Download our latest Gen Z report to learn more about how young consumers feel about their finances, spend money and plan for their financial future.
The financial stress gender gap starts young.
Women have consistently expressed more financial worries than men. While these worries are typically brought on by elements such as the gender pay gap, taking on greater caregiving responsibilities, and carrying more of the burden of family expenses and purchasing, new Morning Consult research shows that women’s financial concerns aren’t reserved for adulthood.
Gen Z women are less optimistic about their finances than Gen Z men
Young women (ages 13-26) are less likely than their male counterparts to say they’re doing well financially.
Gen Z Women Are Least Likely to Say They’re Doing Well Financially
Asked to rate their financial situation, 38% of female Gen Zers say they’re “underwater” or “barely scraping by,” 8 percentage points higher than male Gen Zers. Young women are also less likely to express the highest confidence in their finances. Just 5% of female Gen Zers say they have more than enough money for their wants, needs and savings.

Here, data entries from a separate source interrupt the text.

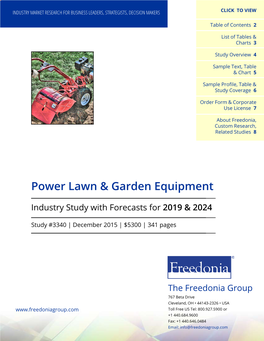 Power Lawn & Garden Equipment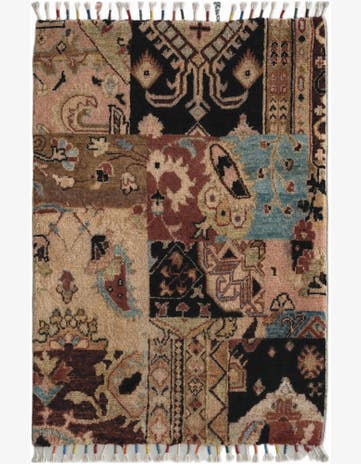 1' 11 x 2' 10 Hand Knotted Ariana Ziegler Rug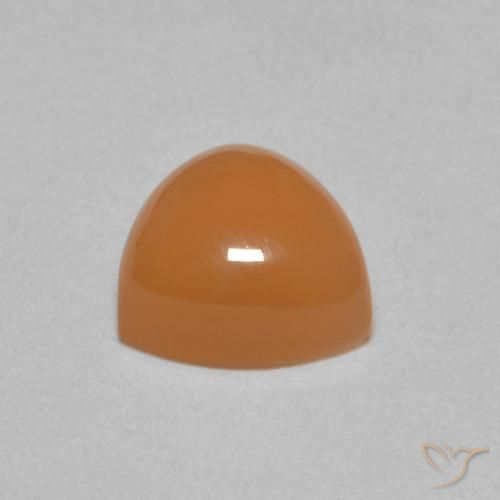 Pedra da Lua Laranja Melão Natural 2.13ct, Trilhão, Translúcido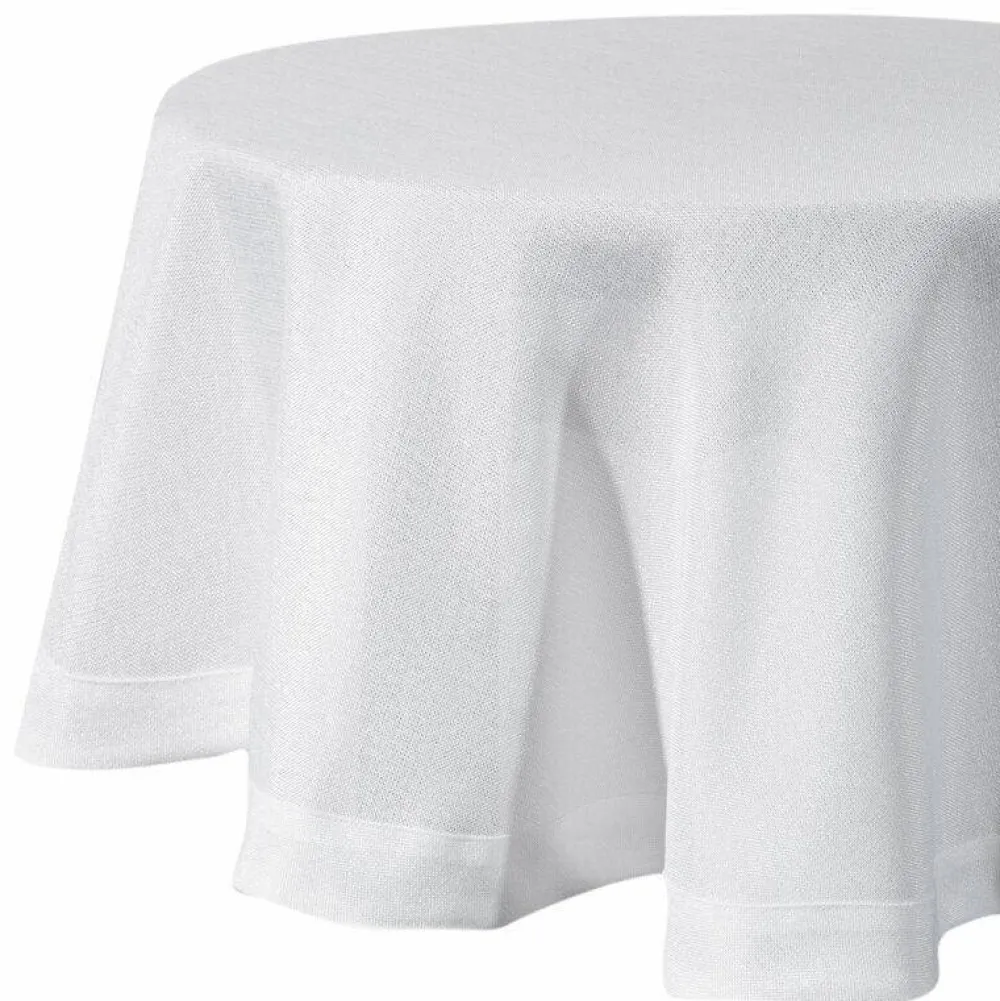 Okrągły Obrus STELLA2 180 cm biały * EUROFIRANY B.B. Choczyńscy Sp.J. Discount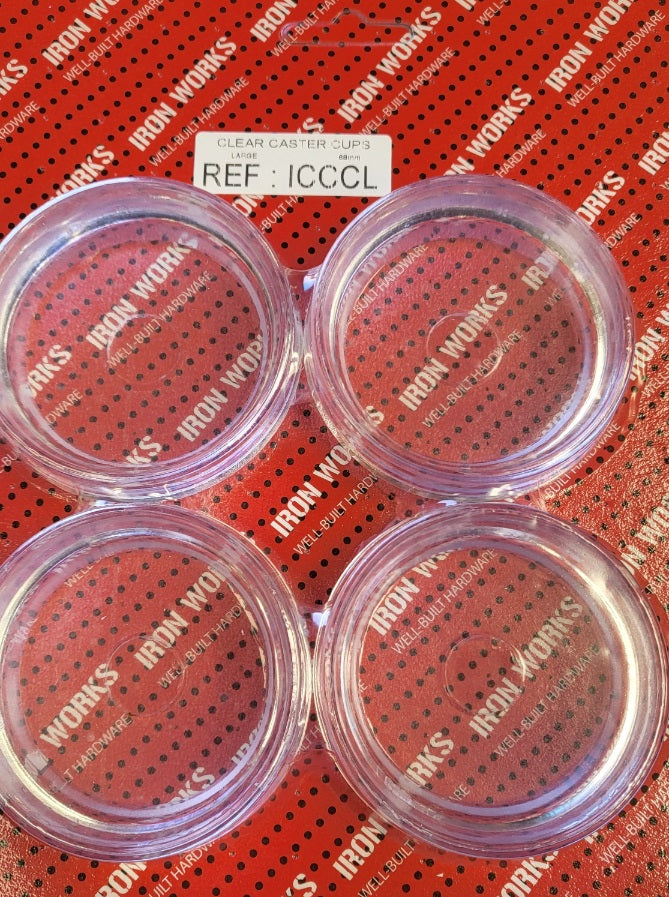 Pieds de roulette transparents ICCCL - Grands 68 mm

And it’s not just present money problems that young women are more likely to express, this gap extends to feelings about their future finances too. While a majority of Gen Z women do believe they’ll do better than their parents financially, consistent with all Gen Zers, they’re more likely than men to say they won’t. About 3 in 10 Gen Z women (29%) said they won’t do better financially than their parents, 7 points higher than Gen Z men.
Female Gen Zers are more worried about keeping up financially with friends than male Gen Zers
While all Gen Zers are clearly stressed about the economy and their personal finances, young women are more worried than young men.
What’s Financially Stressing Out Gen Z Women (It’s A Lot)
Concerns about affording basic needs are nearly universal for female Gen Zers. Roughly 8 in 10 female Gen Zers said they are concerned about grocery prices (83%), housing costs (80%) and gas (79%), 8 points higher than male Gen Zers. Their worries extend beyond basic needs. Gen Z women expressed higher concerns on nearly every economic or personal finance topic we asked about.
Notably, the widest concern gap is related to keeping pace with friends. Female Gen Zers are 15 points more likely than male Gen Zers to say they are concerned about keeping up financially with their friends or peers.
Gen Z women’s spending habits differ from that of Gen Z men
One big factor that could be contributing to young women’s financial stress is their spending. Unlike financial concerns and worries, there’s a smaller gap between what Gen Z women and men say they’re purchasing. Across 20 spending categories, the average gap between female and male Gen Zers who say they made a purchase in the past month was 4.15 percentage points.
Young Women Are More Likely to Purchase Apparel, Personal Care Items Than Young Men
And there are key categories where Gen Z women are more likely to say they made a purchase than Gen Z men. For example, 57% of female Gen Zers said they purchased apparel or clothing in December 2023, 13 points higher than men. Female Gen Zers were also more likely to purchase personal care items or services, like shampoo and hair cuts, than male Gen Zers. About 6 in 10 female Gen Zers (57%) made a purchase like this in December 2023 compared with about half of male Gen Zers (49%).
This heightened spending on apparel and personal care compared with men may not all be a choice. Societal pressure and expectations drive many women to spend more in these categories. Products in these spaces that are specifically designed and marketed toward women also tend to come with a higher price tag, also known as the “pink tax.”
Early financial education is key for Gen Z, regardless of gender
A proper financial literacy education could help alleviate some of these financial anxieties.
Budgeting is a great place to start given half of female Gen Zers say they do not use a budget to organize their spending. But it’s not just young women who could benefit from this type of education, young men can too. Over 4 in 10 male Gen Zers (44%) also said they don’t use a budget to organize their spending.
Financial providers that help support young consumers with budgeting tools will best prepare them for future planned and unplanned expenses, and have a greater opportunity to win loyal, responsible customers.